> [Your objective]:
Starting at the line with "Casa à venda", copy each line through the last one below exactly as written, without any pictures.

(Saved data entries)
---*---

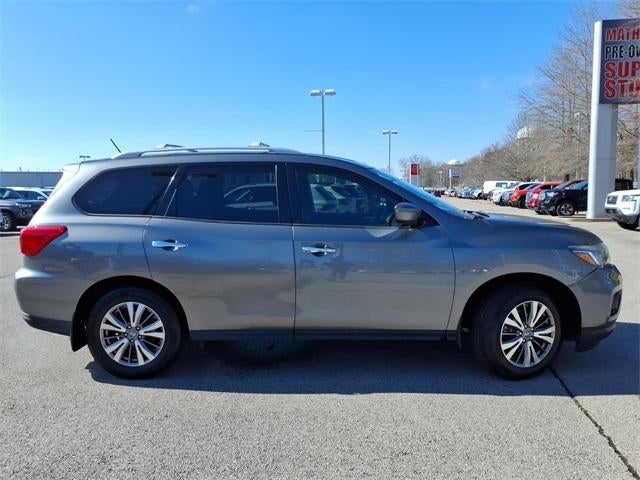 2018 Nissan Pathfinder FWD SV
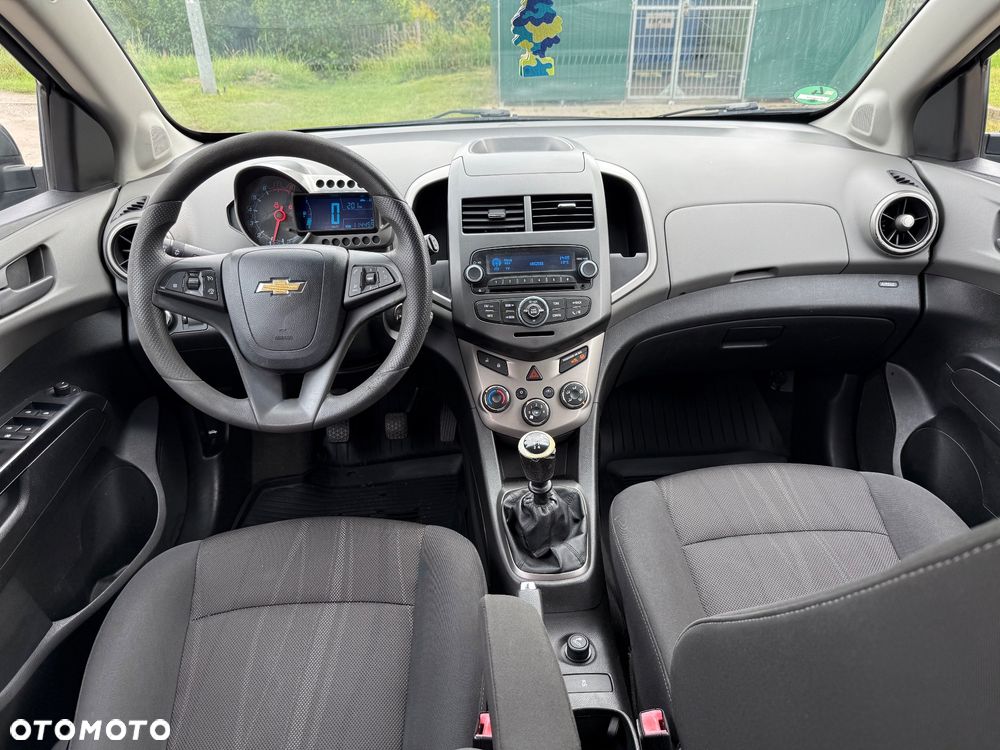 Chevrolet Aveo 1.4 16V LT - 5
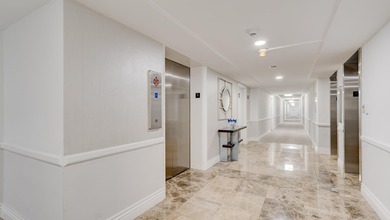 Bright, Airy corner unit in the newly renovated Galt Ocean - photo 26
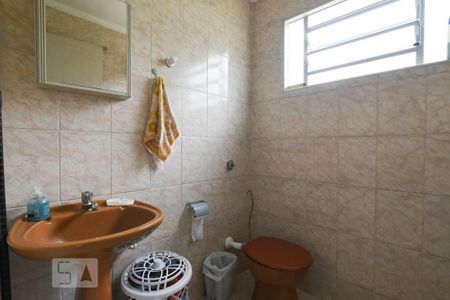 Casa à venda com 160m², 3 quartos e 2 vagasBanheiro de serviço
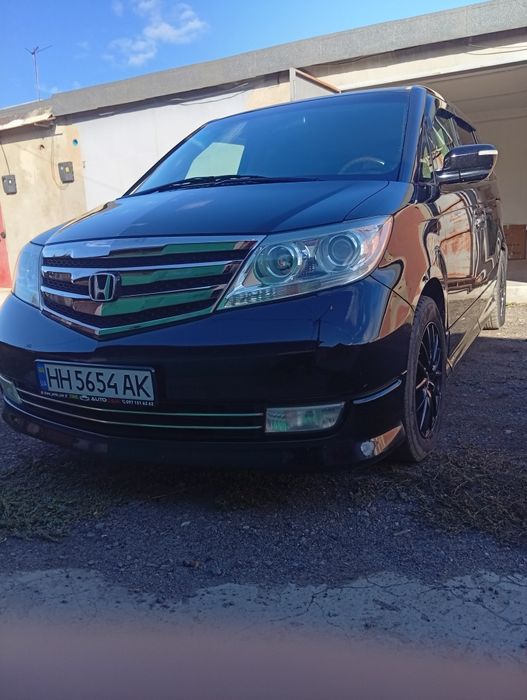 Продам Honda Elysion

---*---

> [Finished exercise]:
 Casa à venda com 160m², 3 quartos e 2 vagasBanheiro de serviço
 Продам Honda Elysion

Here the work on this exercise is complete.